Die Klaviersonaten sind so etwas wie Ludwig van Beethovens musikalische Biografie. Keiner anderen Kompositionsgattung widmete er sich so ausgiebig. Nur dem Streichquartett blieb er ähnlich lange treu. Verwunderlich ist das nicht, schließlich war das Klavier eben das Instrument, mit dem Beethoven auch als Virtuose und Improvisator grenzüberschreitenden Ruhm erlangte. Und so erhob er nicht nur die Klaviersonate als Kompositionsform in ganz neue Sphären, sondern verpasste auch dem Instrument selbst einen Evolutionsschub in Richtung des heutigen Konzertflügels, den es ansonsten vielleicht nie gegeben hätte.

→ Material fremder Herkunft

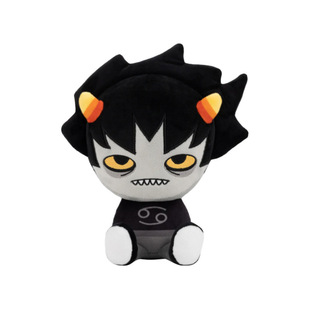 羳ƷHomestuck karkat plush ߅ëqż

Als Beitrag zum Beethoven-Jahr haben die Gezeitenkonzerte ein ganz besonderes Vorhaben realisiert: Die Aufzeichnung sämtlicher 32 Beethoven-Klaviersonaten mit 19 herausragenden jungen PianistInnen der Musikhochschulen Hamburg, Hannover, Lübeck und Rostock. Vom 2. bis 8. Juli 2020 wurde der altehrwürdige Ständesaal der Ostfriesischen Landschaft in Aurich zum Filmstudio. Die Einspielungen werden in zwölf Teilen in der Gezeiten-Mediathek veröffentlicht. Hier finden Sie eine Gesamtübersicht aller Sonaten und Streams.
Programm
Ludwig van Beethoven (1770-1827)
Sonate für Klavier Nr. 3 C-Dur op. 2 Nr. 3
1. Allegro con brio
2. Adagio
3. Scherzo. Allegro
4. Allegro assai
Daria Parkhomenko (Hochschule für Musik und Theater Hamburg)
Sonate für Klavier Nr. 32 c-Moll op. 111
1. Maestoso – Allegro con brio ed appassionato
2. Arietta. Adagio molto semplice e cantabile
Viktor Soos (Musikhochschule Lübeck)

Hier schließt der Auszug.